De notre correspondante
à New York
« C'est la première démonstration qu'il existe des altérations moléculaires importantes dans le côlon des individus souffrant du côlon irritable », déclare au « Quotidien » le Dr Peter Moses (University of Vermont College of Medicine), qui, avec le Dr Gary Mawe (même université), a codirigé cette étude sponsorisée par Novartis Pharmaceuticals. Tous deux ont présenté les résultats de cette étude au 68e Congrès de l'American College of Gastroenterology.
Induction de la motilité et de la sécrétion
« La sérotonine est une molécule de signal qui joue un rôle crucial pour la fonction normale de l'intestin : lorsqu'elle est libérée, elle induit la motilité et la sécrétion intestinale et envoie des signaux vers le cerveau et la moelle épinière », explique le Dr Moses, dans un communiqué. « Notre découverte, à savoir que des éléments clés du signal sérotonine sont modifiés dans le syndrome du côlon irritable, rend crédible la notion que le syndrome du côlon irritable n'est pas simplement un trouble psychologique ou social comme on l'a pensé, mais qu'il est dû à une altération de la biochimie intestinale et des interactions entre l'intestin et le cerveau. »
La sérotonine (5-HT) est un neurotransmetteur et une molécule de signal qui joue un rôle clé dans l'intestin. Sa libération par les cellules endocrines de l'intestin déclenche les réflexes péristaltiques et sécrétoires et envoie des signaux au cerveau. Les transporteurs (SERT) de la sérotonine « re-capturent » la sérotonine une fois qu'elle est libérée et régulent ainsi son action au sein des terminaisons nerveuses des voies gastro-intestinales, afin de coordonner la motilité et la sécrétion intestinale et la sensibilité viscérale.
Depuis quelque temps, les chercheurs soupçonnent que des altérations de la sérotonine pourraient contribuer à des troubles des voies digestives.

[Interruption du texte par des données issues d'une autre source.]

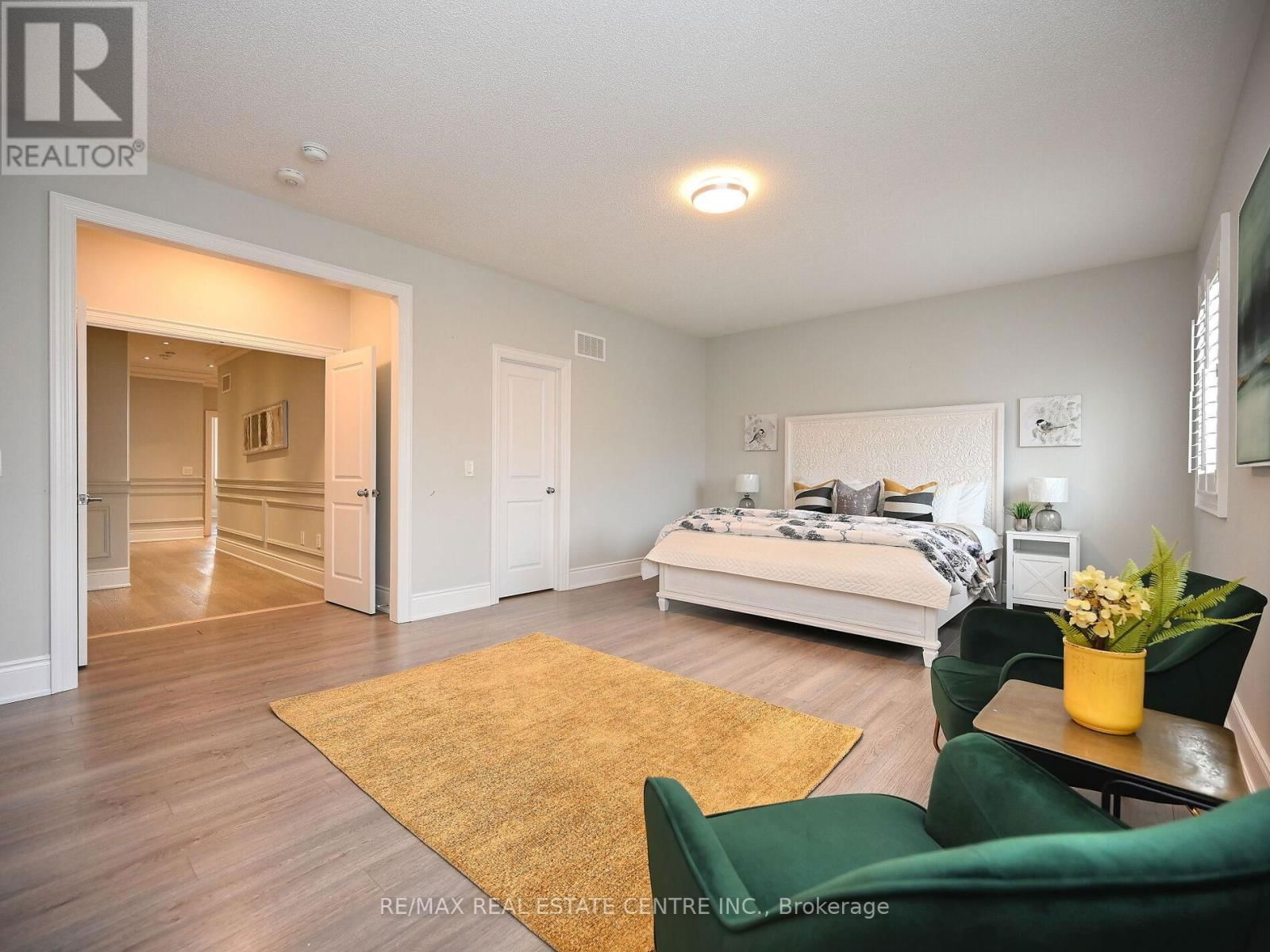 171 BELMORE COURT Image 22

Moses et coll. ont examiné des biopsies du côlon chez 25 témoins en bonne santé, 32 patients souffrant de côlon irritable et 22 patients atteints de maladie inflammatoire intestinale (rectocolite hémorragique ou RCH).

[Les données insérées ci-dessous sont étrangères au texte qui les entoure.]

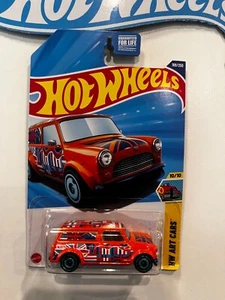 Mini van Austin 2025 Hot Wheels naranja 67 10/10 coches artísticos 169/250 JBB00 - Imagen 1 de 1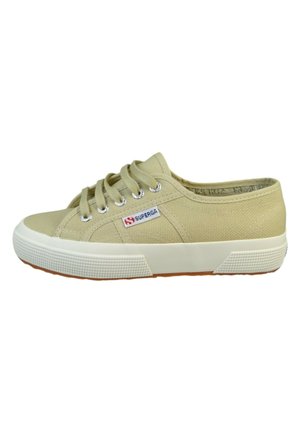 Beige lav sko i lærred med hvid gummisål, snørelukning og "Superga"-logomærke på siden.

Ils ont mesuré le contenu en sérotonine, le nombre des cellules endocrines, la libération de sérotonine et la présence des transporteurs de la sérotonine (SERT).
Les résultats montrent que, comparés aux témoins, les patients souffrant d'un syndrome de côlon irritable ont une diminution du contenu en sérotonine, une augmentation des cellules endocrines intestinales, une libération normale de sérotonine et une expression très réduite des transporteurs SERT (ARNm et immunoréactivité).
Les patients affectés de RCH ont, comparés aux témoins, un nombre réduit des cellules endocrines, une diminution du contenu en sérotonine et une expression très réduite des transporteurs SERT.
« La baisse d'expression du transporteur SERT, chez les patients souffrant d'un syndrome du côlon irritable et les patients affectés d'une maladie inflammatoire intestinale, se traduit par une baisse de la capacité à éliminer la sérotonine une fois libérée et, par conséquent, augmente la disponibilité de la sérotonine », concluent les chercheurs.
Cette disponibilité accrue pourrait ainsi entraîner des modifications de motilité, de sécrétion et de sensibilité.
Un Américain sur cinq souffre d'un syndrome du côlon irritable, selon le National Institute of Diabetes and Digestive and Kidney Diseases (NIH). Ce syndrome, caractérisé par des crampes abdominales douloureuses, un ballonnement, la constipation et la diarrhée, touche plus souvent les femmes et débute habituellement vers l'âge de 20 ans.
Il semble que ces patients ont un côlon plus sensible et plus réactif à des facteurs variés, dont certains aliments et le stress. Le système immunitaire, qui combat l'infection, pourrait aussi jouer un rôle.
La plupart des patients contrôlent leur symptômes par un changement alimentaire, la réduction du stress et divers médicaments. Mais, pour certains, le syndrome peut être invalidant, gênant la vie professionnelle ou sociale.
68e Congrès annuel de l'American College of Gastroenterology, Baltimore.